Kishkan grounds this lyrical thread within precise, luminous descriptions of place. Biology and nomenclature are among her passions, and she names with precision the creatures and plants in the domestic and the natural worlds around her. To complete this pattern, this drunkard’s path of stepping over roots and stones and around dead salmon, children, husband, and old Irish lovers, Phantom Limb contains Kishkan’s essay “Month of Wild Berry Picking.” Deeply engaging with First Nations experience, the essay grounds Phantom Limb by extending its sense of personal and social place into the experience of innumerable generations who have lived on her land and the precise mechanisms by which they managed the barrier between domesticity and wildness. In dissections of both her own experience in the light of First Nations stories and traditions, and vice versa, she argues that First Nations people had delineable social rules not only for interacting with other people but also for interacting with other species on the planet – a system of etiquette caused by lives lived very close to other species. In this context, Phantom Limb is ultimately Kishkan’s own set of social rules for living closely on, and within, the earth, where she has given birth to three children, who she has actively encouraged to leave – and to stay. While continuing to nurture them, at greater and greater distance, she finds herself living with her own phantom selves that return to her from her children’s own experiences. Throughout, Kishkan uses her meditations to ensure the continued safety and closeness of their lives in this place, no matter how distant they stretch away from it. It’s a kind of shamanistic spell that continually returns the tenuous to the physical and the physical to the tenuous, and keeps place alive through story.

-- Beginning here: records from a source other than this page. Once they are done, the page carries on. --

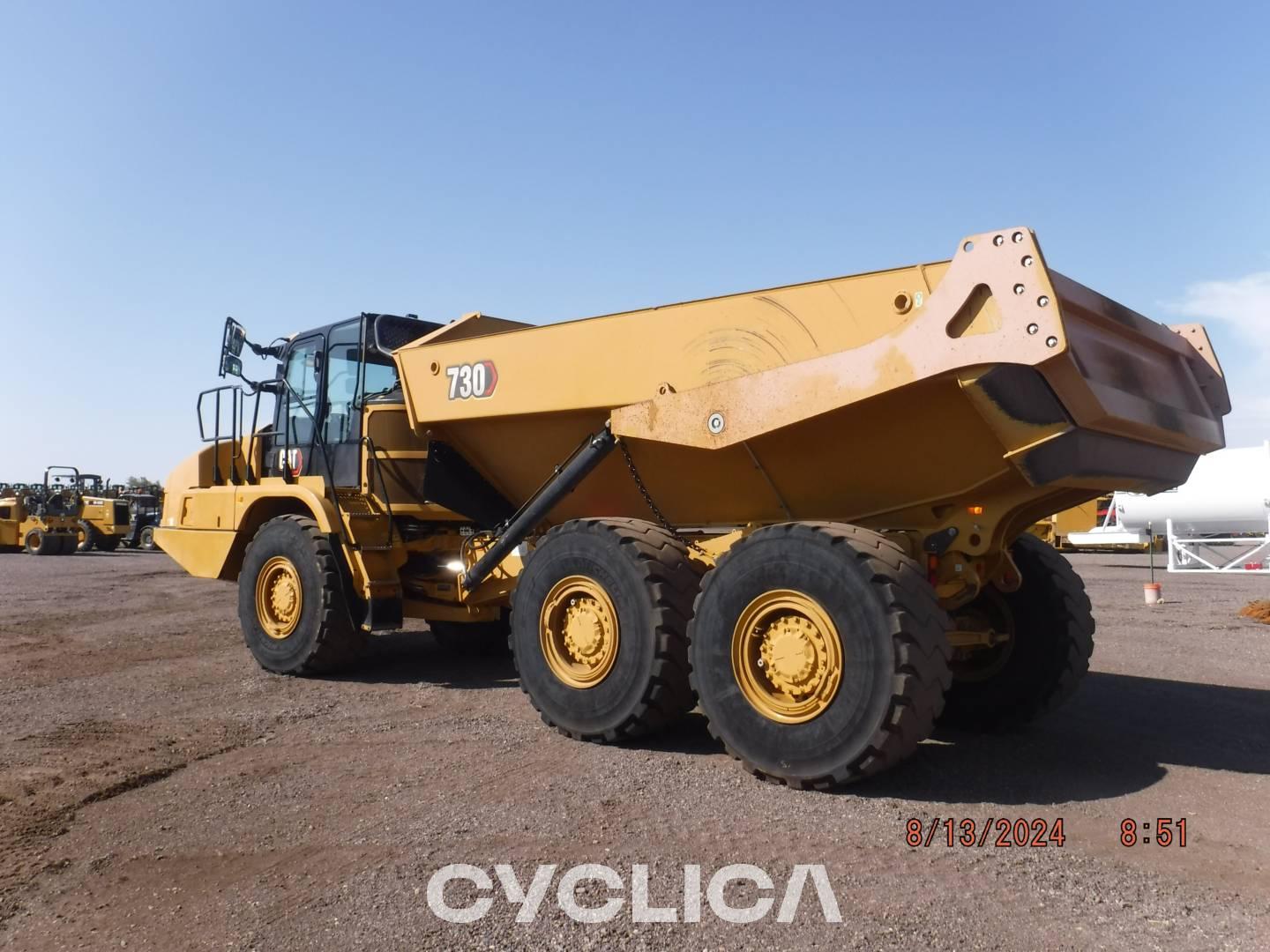 Dumper e autoarticolati  730-04TG 3T301402 - 5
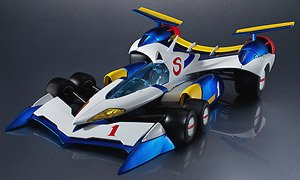 Variable Action Hi-Spec [Future GPX Cyber Formula] Super Asurada AKF-11 (Completed)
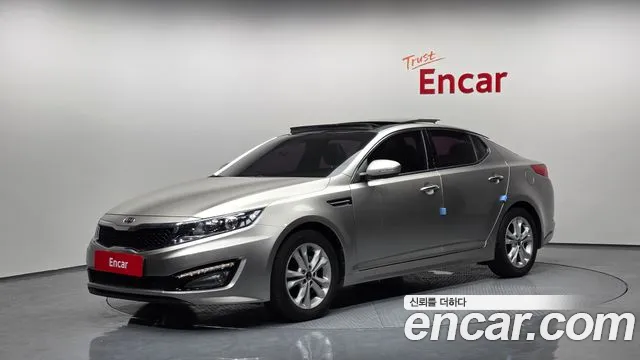 Kia K5 — экстерьер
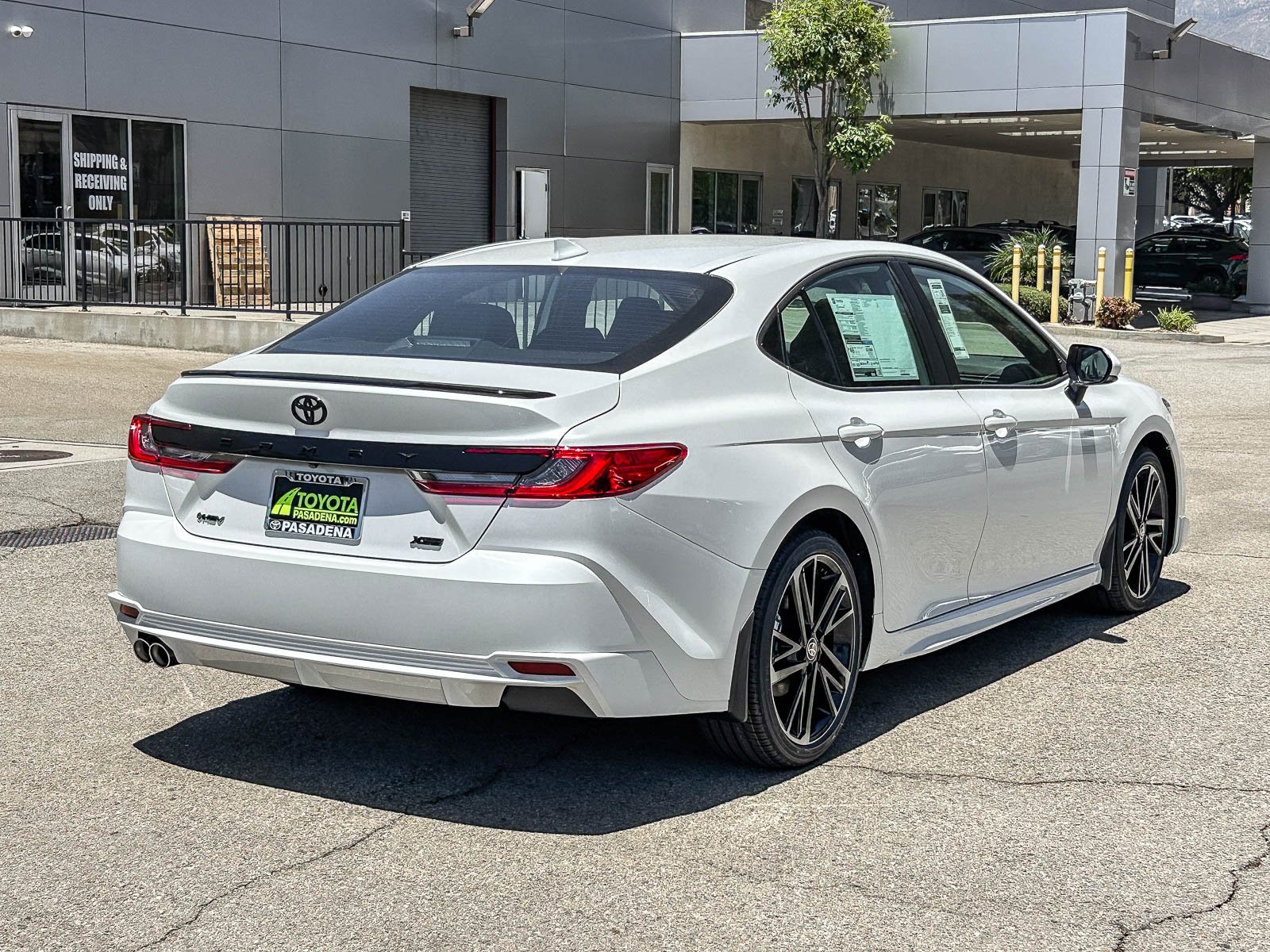 New 2026 Wind Chill Pearl Toyota XSE image 6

Time is the spoiler in this world. On the one hand, it is a positive force, embodied in Kishkan’s attempts to act against disintegration by creating a sense of language and attention that can map and maintain all her phantom lives and set them up as meaningful ways in which other people can interact with the human and geographical worlds around and within them. On the other hand, time here is a disturbing, negative force. It reveals itself most openly in Kishkan’s exploration of the town of Granite Creek, a gold-mining boomtown in BC’s Tulameen Valley, a century past its heyday. In her essay, “Erasing the Maps,” she meditates on how this town, that seems to have completely vanished, is still alive enough in memory that people will want to be buried there, as indeed they are. She meditates on what exactly will remain once the place returns to wilderness, and whether allowing it to return to silence and forgetfulness is indeed the best way of honouring the human lives lived within what people defined once as a place – to return them to the land in a way parallel to that of salmon spawning in the stream in which they hatched. To this question she has no answers, as she should not: an answer would betray the drunkard’s path. It would wander of the quilt. It would be death, stumbling into life and demanding obedience.